An state-of-the-art virtual try-on solution that combines the power of [CATVTON](https://arxiv.org/abs/2407.15886) (CatVTON: Concatenation Is All You Need for Virtual Try-On with Diffusion Models) with Flux fill inpainting model for realistic and accurate clothing transfer.
Also inspired by [In-Context LoRA](https://arxiv.org/abs/2410.23775) for prompt engineering.

## Update

---
**Latest Achievement** 

(2024/11/26):
- Updated the weights. (Still training on the VITON-HD dataset only.)
    - Reduce the fine-tuning weights size (46GB -> 23GB)
    - Weights has better performance on garment small details/text.

(2024/11/25):
- Released lora weights. Lora weights achieved FID: `6.0675811767578125` on VITON-HD dataset. Test configuration: scale 30, step 30.
- Revise gradio demo. Added huggingface spaces support.
- Clean up the requirements.txt.

(2024/11/24):
- Released FID score and gradio demo
- CatVton-Flux-Alpha achieved **SOTA** performance with FID: `5.593255043029785` on VITON-HD dataset. Test configuration: scale 30, step 30. My VITON-HD test inferencing results available [here](https://drive.google.com/file/d/1T2W5R1xH_uszGVD8p6UUAtWyx43rxGmI/view?usp=sharing)

---

## Showcase
| Original | Garment | Result |
|----------|---------|---------|
| ![Original](example/person/1.jpg) | ![Garment](example/garment/00035_00.jpg) | ![Result](example/result/1.png) |
| ![Original](example/person/1.jpg) | ![Garment](example/garment/04564_00.jpg) | ![Result](example/result/2.png) |
| ![Original](example/person/00008_00.jpg) | ![Garment](example/garment/00034_00.jpg) | ![Result](example/result/3.png) |

## Model Weights
Fine-tuning weights in Hugging Face: 🤗 [catvton-flux-alpha](https://huggingface.co/xiaozaa/catvton-flux-alpha)

LORA weights in Hugging Face: 🤗 [catvton-flux-lora-alpha](https://huggingface.co/xiaozaa/catvton-flux-lora-alpha)

The model weights are trained on the [VITON-HD](https://github.com/shadow2496/VITON-HD) dataset.

## Prerequisites
Make sure you are running the code with VRAM >= 40GB. (I run all my experiments on a 80GB GPU, lower VRAM will cause OOM error.
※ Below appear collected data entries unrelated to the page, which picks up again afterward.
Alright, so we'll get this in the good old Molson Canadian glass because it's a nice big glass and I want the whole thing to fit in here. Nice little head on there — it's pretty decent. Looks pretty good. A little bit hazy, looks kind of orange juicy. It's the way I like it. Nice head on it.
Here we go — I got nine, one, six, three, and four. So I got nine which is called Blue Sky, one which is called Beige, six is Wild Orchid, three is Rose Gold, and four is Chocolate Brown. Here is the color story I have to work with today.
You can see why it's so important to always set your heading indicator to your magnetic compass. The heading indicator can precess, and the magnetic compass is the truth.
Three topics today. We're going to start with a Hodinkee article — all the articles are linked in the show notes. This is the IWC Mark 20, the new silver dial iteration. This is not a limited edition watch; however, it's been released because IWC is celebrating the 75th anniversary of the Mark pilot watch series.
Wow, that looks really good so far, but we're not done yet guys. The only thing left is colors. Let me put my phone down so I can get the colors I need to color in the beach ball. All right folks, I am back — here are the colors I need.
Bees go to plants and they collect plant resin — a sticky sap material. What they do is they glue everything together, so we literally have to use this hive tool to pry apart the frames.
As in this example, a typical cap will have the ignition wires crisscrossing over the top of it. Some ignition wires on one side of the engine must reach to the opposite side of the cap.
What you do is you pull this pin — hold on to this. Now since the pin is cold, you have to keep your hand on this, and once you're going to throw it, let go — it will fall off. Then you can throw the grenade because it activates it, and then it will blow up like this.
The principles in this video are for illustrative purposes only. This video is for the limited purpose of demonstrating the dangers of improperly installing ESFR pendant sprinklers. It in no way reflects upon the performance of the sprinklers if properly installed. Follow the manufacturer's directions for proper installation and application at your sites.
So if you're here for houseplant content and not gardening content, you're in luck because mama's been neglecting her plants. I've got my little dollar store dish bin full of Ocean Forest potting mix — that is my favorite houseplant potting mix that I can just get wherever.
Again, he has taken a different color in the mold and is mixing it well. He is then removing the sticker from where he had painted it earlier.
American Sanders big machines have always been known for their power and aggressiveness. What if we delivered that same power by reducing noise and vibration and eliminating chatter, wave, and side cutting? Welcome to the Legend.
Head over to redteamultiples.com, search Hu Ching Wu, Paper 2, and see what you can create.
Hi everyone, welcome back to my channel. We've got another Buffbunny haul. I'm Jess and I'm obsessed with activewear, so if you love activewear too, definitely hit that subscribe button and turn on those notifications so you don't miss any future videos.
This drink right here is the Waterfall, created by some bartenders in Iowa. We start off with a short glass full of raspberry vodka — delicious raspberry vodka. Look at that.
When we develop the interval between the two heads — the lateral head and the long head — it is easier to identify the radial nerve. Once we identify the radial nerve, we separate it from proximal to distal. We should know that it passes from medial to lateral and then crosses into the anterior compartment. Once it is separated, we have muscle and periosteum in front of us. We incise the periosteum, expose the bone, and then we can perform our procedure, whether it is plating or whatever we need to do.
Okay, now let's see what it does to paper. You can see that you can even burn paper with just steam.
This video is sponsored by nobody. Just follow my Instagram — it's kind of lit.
Will support lower VRAM in the future.)

```bash
bash
conda create -n flux python=3.10
conda activate flux
pip install -r requirements.txt
huggingface-cli login
```

## Usage

Run the following command to try on an image:

LORA version:
```bash
python tryon_inference_lora.py \
--image ./example/person/00008_00.jpg \
--mask ./example/person/00008_00_mask.png \
--garment ./example/garment/00034_00.jpg \
--seed 4096 \
--output_tryon test_lora.png \
--steps 30
```

Fine-tuning version:
```bash
python tryon_inference.py \
--image ./example/person/00008_00.jpg \
--mask ./example/person/00008_00_mask.png \
--garment ./example/garment/00034_00.jpg \
--seed 42 \
--output_tryon test.png \
--steps 30
```

Run the following command to start a gradio demo with LoRA weights:
```bash
python app.py
```

Run the following command to start a gradio demo without LoRA weights:
```bash
python app_no_lora.py
```

Gradio demo:

<!-- Option 2: Using a thumbnail linked to the video -->
[![Demo](example/github.jpg)](https://upcdn.io/FW25b7k/raw/uploads/github.mp4)


## TODO:
- [x] Release the FID score
- [x] Add gradio demo
- [x] Release updated weights with better performance
- [x] Train a smaller model
- [ ] Support comfyui

## Citation

```bibtex
@misc{chong2024catvtonconcatenationneedvirtual,
 title={CatVTON: Concatenation Is All You Need for Virtual Try-On with Diffusion Models}, 
 author={Zheng Chong and Xiao Dong and Haoxiang Li and Shiyue Zhang and Wenqing Zhang and Xujie Zhang and Hanqing Zhao and Xiaodan Liang},
 year={2024},
 eprint={2407.15886},
 archivePrefix={arXiv},
 primaryClass={cs.CV},
 url={https://arxiv.org/abs/2407.15886}, 
}
@article{lhhuang2024iclora,
  title={In-Context LoRA for Diffusion Transformers},
  author={Huang, Lianghua and Wang, Wei and Wu, Zhi-Fan and Shi, Yupeng and Dou, Huanzhang and Liang, Chen and Feng, Yutong and Liu, Yu and Zhou, Jingren},
  journal={arXiv preprint arxiv:2410.23775},
  year={2024}
}
```

Thanks to [Jim](https://github.com/nom) for insisting on spatial concatenation.
Thanks to [dingkang](https://github.com/dingkwang) [MoonBlvd](https://github.com/MoonBlvd) [Stevada](https://github.com/Stevada) for the helpful discussions.

## License
- The code is licensed under the MIT License.
- The model weights have the same license as Flux.1 Fill and VITON-HD.